In the wake of seeing Drive-By Truckers co-founder Patterson Hood play his entire 2025 album, Exploding Trees and Airplane Screams, at the Sellersville Theater in Sellersville, Pennsylvania, I wondered how many complete albums I’ve seen performed live during one concert. In more than 45 years of concert-going, I can only think of two; technically, I didn’t make it through one of them.  

In March 1987 at Temple University in Philadelphia, I saw Hüsker Dü, touring behind their last studio album, Warehouse: Songs and Stories. I read that the show was one for the ages, but I was so sick that night that I did something I rarely do: left a show early. It was a missed opportunity.

Thirty-eight years later (and just two months ago), I met with fellow PopMatters writer Chris Ingalls in Boston, where we saw Pixies member Frank Black perform his second solo album, 1994’s Teenager of the Year, front to back, with the original musicians who recorded it. Black was far chattier-and honestly, more fun-than his Pixies persona, Black Francis, as he told funny stories explaining the autobiographical origins of several songs on Teenager of the Year. It was a masterful performance by Black and his band. 

That brings us to a recent evening in Sellersville, where Patterson Hood and his band the Sensurrounders played a compelling and intimate show encompassing his new album, Exploding Trees and Airplane Screams. Unlike Frank Black, who was performing a much-loved 30-year-old album, Hood faced the challenge of devoting a huge chunk of his show to material that might have been unfamiliar to some fans. 

Patterson Hood has described Exploding Trees and Airplane Screams as a memoir-in-song of the first 30 years of his life. After spinning the record just once, I was curious to hear how he would approach the songs in a live setting, since horns, strings, and keyboards surround his introspective lyrics. With each subsequent listen, I became more intrigued by the prospect.

As anyone who has seen Drive-By Truckers over the last 25-plus years knows, the band reliably delivers one of the best rock music shows you’ll likely see anywhere. I put Drive-By Truckers on the same level as Los Lobos, still an incendiary live band (and whose sax player, Steve Berlin, plays on Exploding Trees). However, Exploding Trees and Airplane Screams presents a more subtle, vulnerable, and idiosyncratic side of Patterson Hood, so it was natural to wonder how he would translate that to the stage. 
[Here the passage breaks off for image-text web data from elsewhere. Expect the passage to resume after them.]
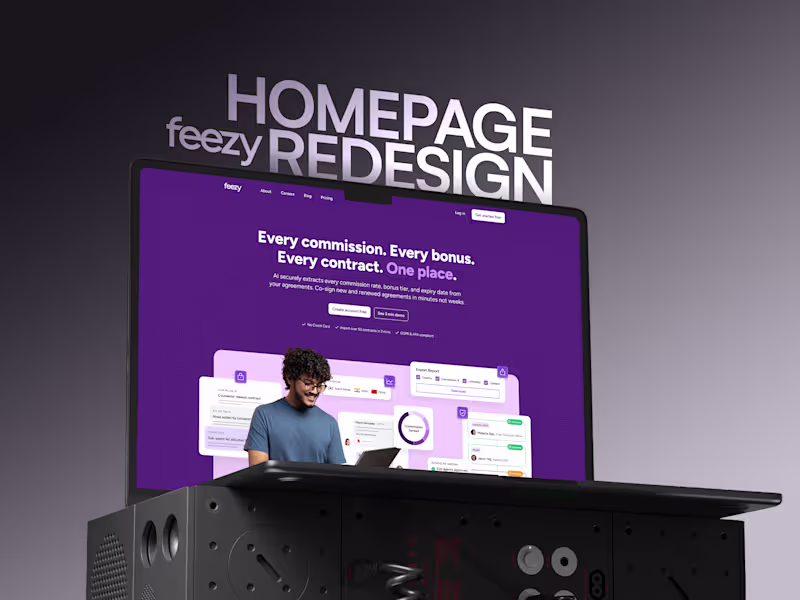 Cover image for Feezy.io Landing Page Design for Education Agents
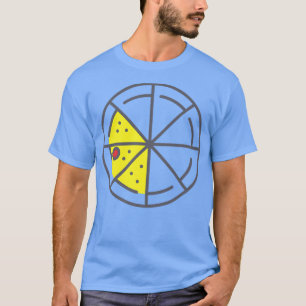 Camiseta Pizza 3 rebanadas Cheese Pepperoni Funny Geometric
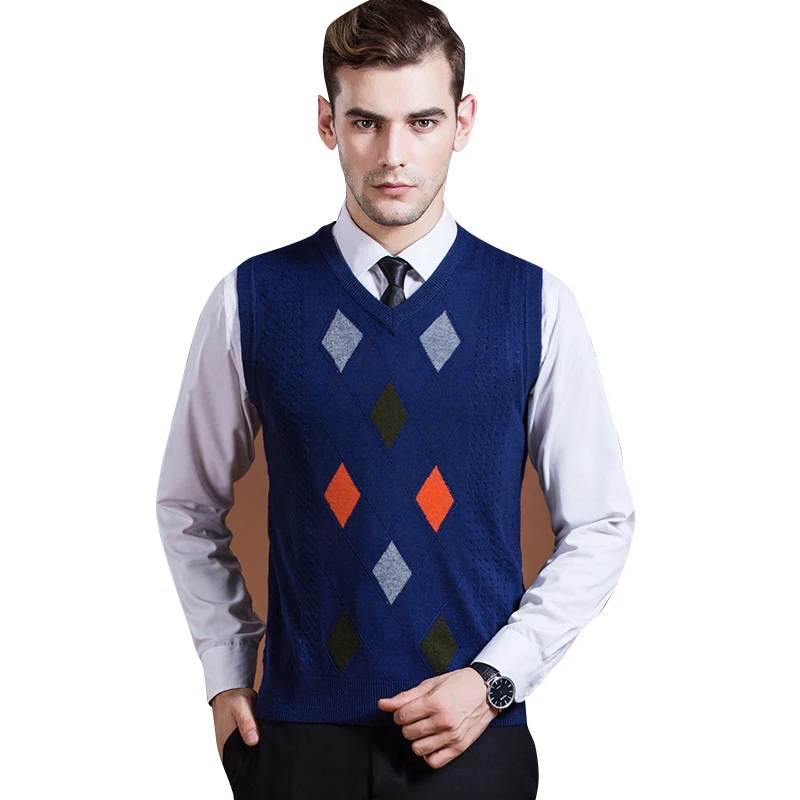 2017 new arrival autumn&winter men wool sweater vest knitting solid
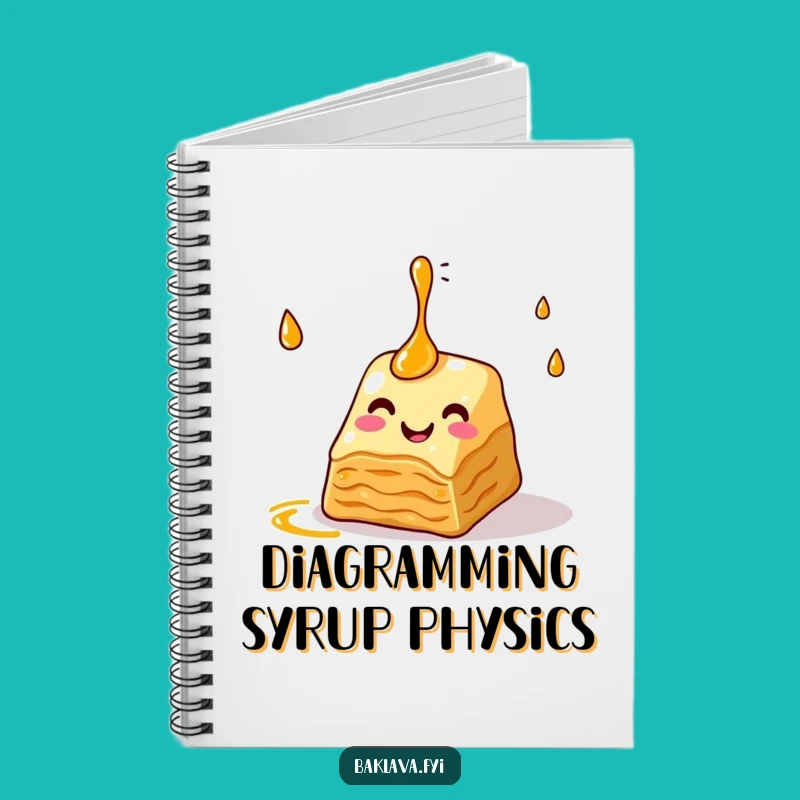 Funny Baklava Juggling Syrup Notebook: Jot Down Sweet Ideas with Flair!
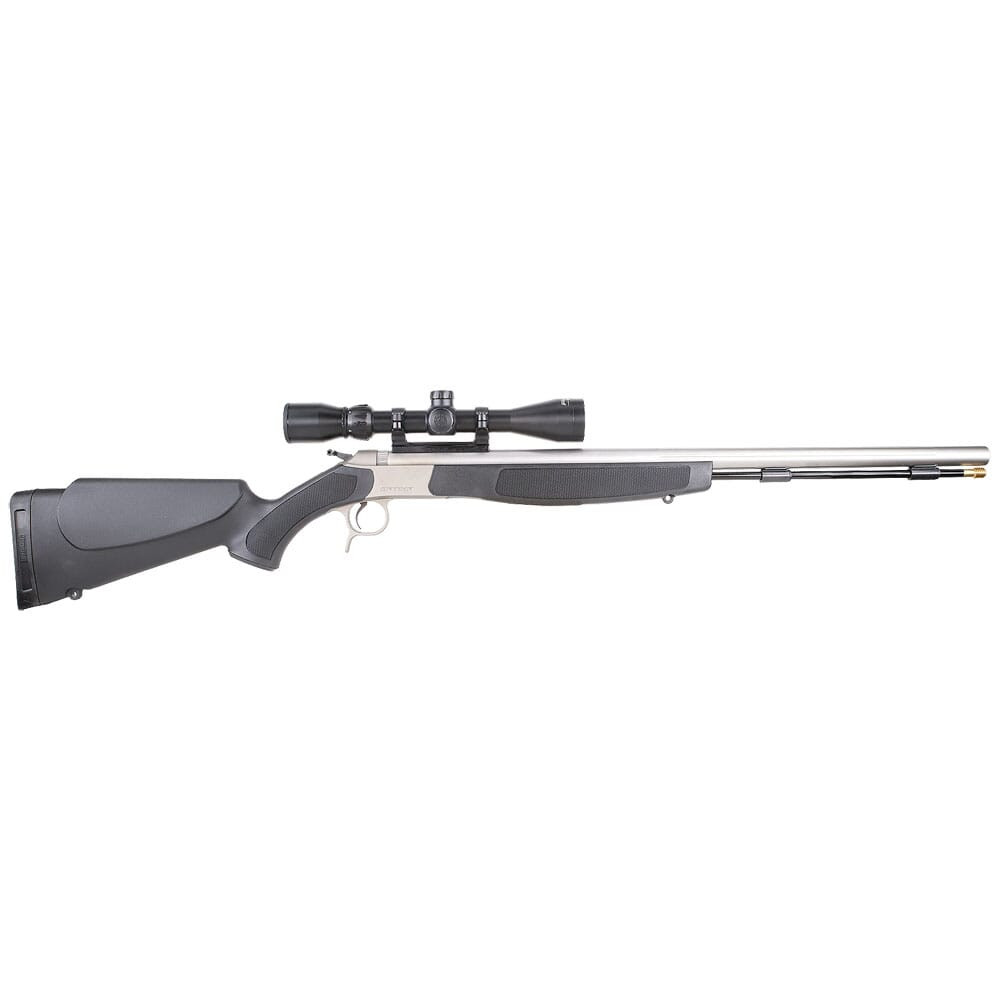 CVA ML CVA OPTIMA V2 .50 Cal 26" 1:28" Bbl SS/Black Break Action Inline Muzzleloader w/KonusPro 3-9x40, DuraSight Z-2 Mounts, & Accessories PR2020SVPS - CVA ML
The answer? Patterson Hood and the Sensurrounders (yes, named after the 1970s-era movie theatre chairs-shaking gimmick introduced in Mark Robson’s 1974 disaster film Earthquake), rose to the occasion with a show that included a shuffled but complete track list from Exploding Trees and Airplane Screams while incorporating other Hood solo tunes, a pair of Drive-By Truckers songs, and two covers that shed additional light on Hood’s childhood and early musical development.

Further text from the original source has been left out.